Par Laura TomassiniAnouk Flesch Changer en allemand pour l'article original

Dubaï, Londres, Rio - Tom Habscheid s'est déjà trouvé dans de nombreux stades d'athlétisme, car le lanceur de poids est actuellement l'un des meilleurs coureurs internationaux de sa catégorie. Malgré son handicap, il montre aujourd'hui qu'il est capable de bien des choses lors de sa préparation pour les Jeux paralympiques d'été à Tokyo qui commencent demain.

« On est censé être désolé pour toi maintenant ou tu fais ça volontairement ? » Avec une expression sérieuse et un léger tic au coin de la bouche, Fernand Heintz taquine son protégé sportif qui transpire devant le banc de musculation après une série de courses de haies. Tom Habscheid s'entraîne trois fois par semaine avec son coach au HPTRC (High Performance Training & Recovery Centre) de la Coque pour se préparer pour les Jeux paralympiques d’été 2021, en plus de son entraînement au lancer du poids sur le terrain de Dudelange. L'homme de 34 ans et son mentor forment une équipe depuis six ans. Avant le début des Jeux qui se dérouleront du 24 août au 5 septembre à Tokyo, tous deux doivent se préparer physiquement et mentalement.

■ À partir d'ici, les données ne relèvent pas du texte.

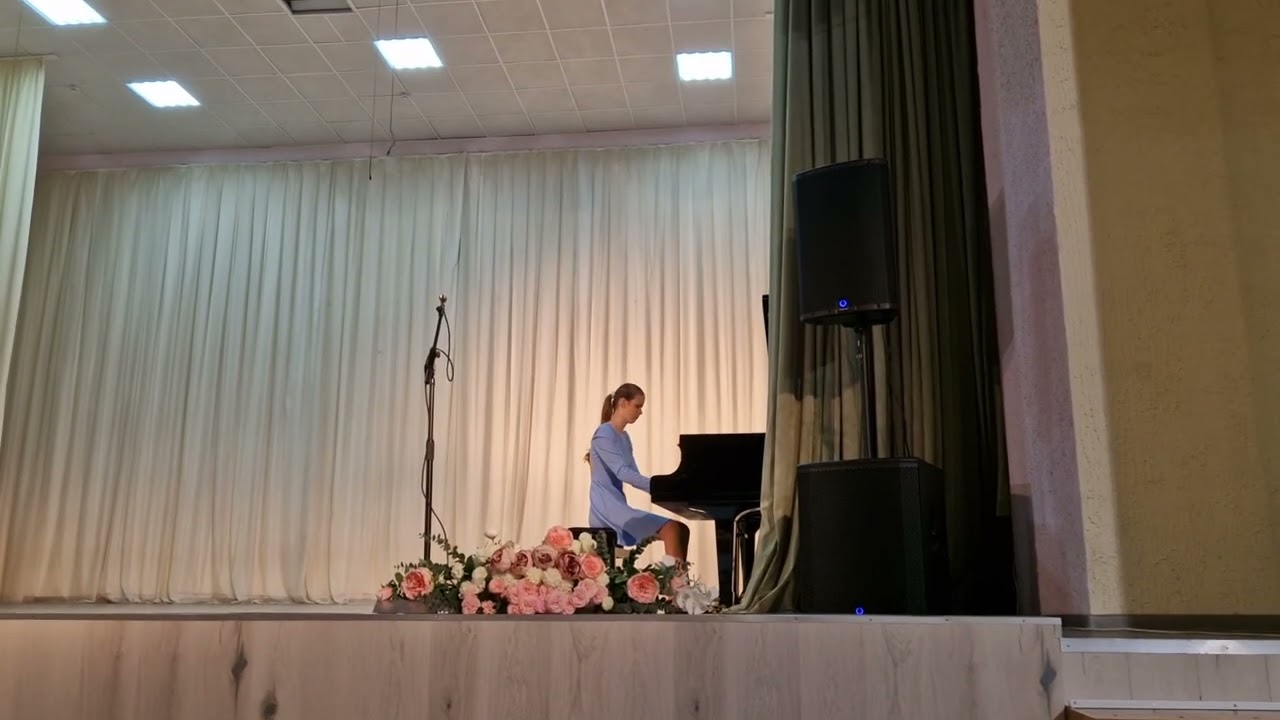 Е.Дога Сонет, исполняет Мария Лохач, класс учителя Дмитрук Н.В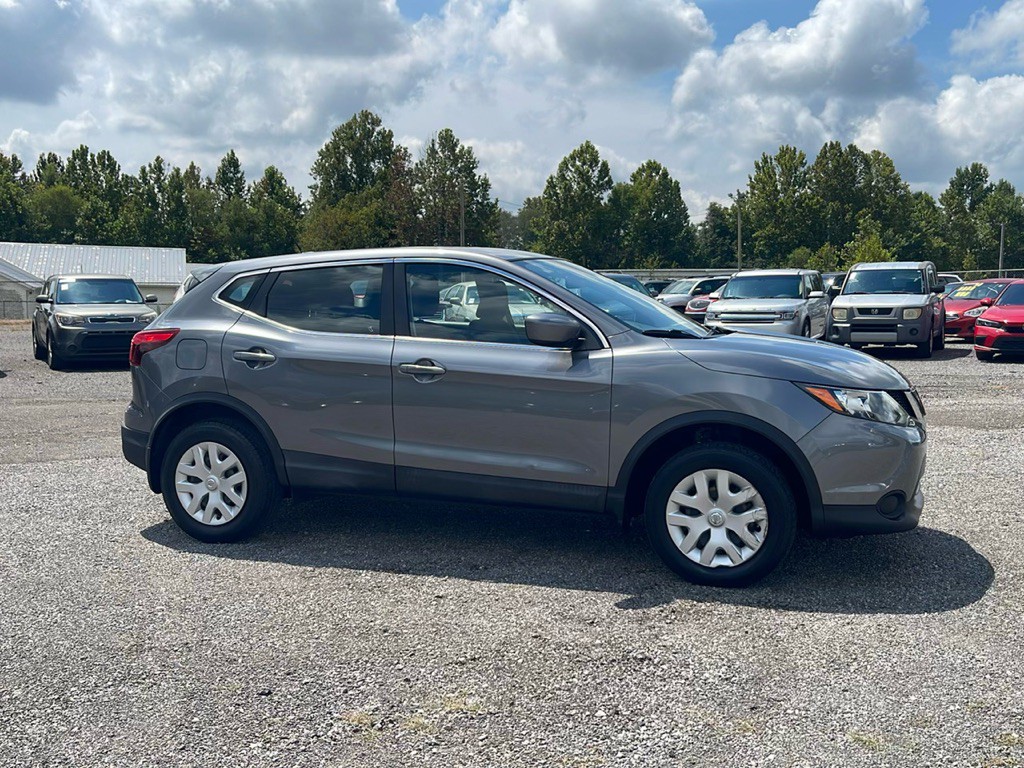 2019 Nissan Rogue Image 3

« Les semaines précédant la rencontre sont cruciales, puis nous faisons beaucoup d'entraînement intenses avec des séries courtes et des poids légers », explique Tom pour le planning. Sur son smartphone, l'athlète peut voir exactement les exercices que son entraîneur a prévus pour la journée, car ils sont exactement adaptés à ses performances. D'abord du vélo en salle pour s'échauffer, puis des séries de soulevé de terre, puis des haies et du développé couché pour développer l'intensité et la force. « Tom s'entraîne en tant qu'athlète paralympique comme n'importe qui d'autre. Il court, saute, se muscle et va dans des camps d'entraînement. Seulement l'endurance, on n'a pas ça avec lui et sa jambe », dit Fernand.

Du joueur de foot sans licence au para-athlète

L'athlète retraité était lui-même un compétiteur de longue date et a remporté le titre de champion national à 19 reprises. Même si lui et son athlète ne sont pas encore montés sur le podium ensemble, le « vieux » a encore beaucoup à apprendre au jeune. « Une fois, Tom a annoncé avec enthousiasme sur Facebook qu'il allait aplatir son entraîneur. Mais ça n'a pas très bien marché », révèle Fernand en souriant. « Ce n'est qu'un vieux renard », admet Tom en haussant les épaules, avant d'ajouter : « Mais quand je serai entraîneur un jour, je battrai mes athlètes autant qu'il le fait maintenant. »

Le duo se connaît parfaitement, car en tant qu'athlète de haut niveau au niveau mondial, Tom passe presque plus de temps avec son entraîneur qu'à la maison. Sa carrière de lanceur de poids semi-professionnel a commencé de manière plutôt détournée, car il y a presque dix ans, la participation aux Jeux paralympiques était encore loin d'être acquise. « J'ai toujours joué au football quand j'étais plus jeune, mais je n'ai jamais obtenu de licence à cause de mon handicap, donc je n'ai jamais pu vraiment faire du sport officiellement », se souvient-il. En 2012, le natif d’Useldange a vu la campagne pour les Jeux paralympiques de Londres à la télévision – et a été enthousiasmé. « Cela n'existait pas du tout à ce point au Luxembourg ».